Here, because defense counsel brought the motion to continue on Gatson's behalf, Gatson's personal objection to the continuance was waived, and he is not entitled to further appellate review of this issue.
We note that, even were review of this issue proper, we see no error in the trial court's decision to grant this continuance. The unavailability of defense counsel on the date of Gatson's trial and the reasons given therefor support the trial court's determination that this continuance was required in the administration of justice.

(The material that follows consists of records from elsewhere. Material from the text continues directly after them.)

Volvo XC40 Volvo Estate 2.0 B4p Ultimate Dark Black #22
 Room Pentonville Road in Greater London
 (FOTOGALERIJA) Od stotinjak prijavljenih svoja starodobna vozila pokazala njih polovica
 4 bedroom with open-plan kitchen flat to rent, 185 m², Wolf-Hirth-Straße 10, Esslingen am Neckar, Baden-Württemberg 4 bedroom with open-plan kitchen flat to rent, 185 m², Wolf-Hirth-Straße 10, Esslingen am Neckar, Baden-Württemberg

Gatson's appeal includes a statement of additional grounds. He first contends that there was insufficient evidence to support his conviction of burglary in the second degree where there was no direct evidence that he entered the sales office of the car dealership. Such direct evidence, however, is not required. State v. Delmarter, 94 Wn.2d 634, 638, 618 P.2d 99 (1980). Here, a key that was normally stored within the dealership's sales office was found in Gatson's pocket upon his arrest. The key to the stolen vehicle was also kept within this office. This evidence supports an inference that Gatson had unlawfully entered the office to take the keys.
Gatson further contends that the charges against him were amended due to prosecutorial vindictiveness. In a pretrial setting, there is no presumption of vindictiveness when the State amends the charging document. State v. Bonisisio, 92 Wn.App. 783, 791, 964 P.2d 1222 (1998). Instead, a defendant must offer proof of actual prosecutorial vindictiveness before an appellate court may invalidate the prosecutor's adversarial decisions made before trial. See State v. McDowell, 102 Wn.2d 341, 344, 685 P.2d 595 (1984). Here, Gatson has offered no proof of prosecutorial vindictiveness beyond the fact that the charges against him were amended prior to trial. Such a showing does not support Gatson's claim. Finally, Gatson requests that we revisit a prior decision—pertaining to a separate incident involving Gatson—in which we determined that the trial court had correctly calculated Gatson's offender score. State v. Gatson, noted at 155 Wn.App. 1045 (2012). Gatson did not move for reconsideration of our decision and the case was mandated on June 11, 2010. Accordingly, review of this issue would be inappropriate.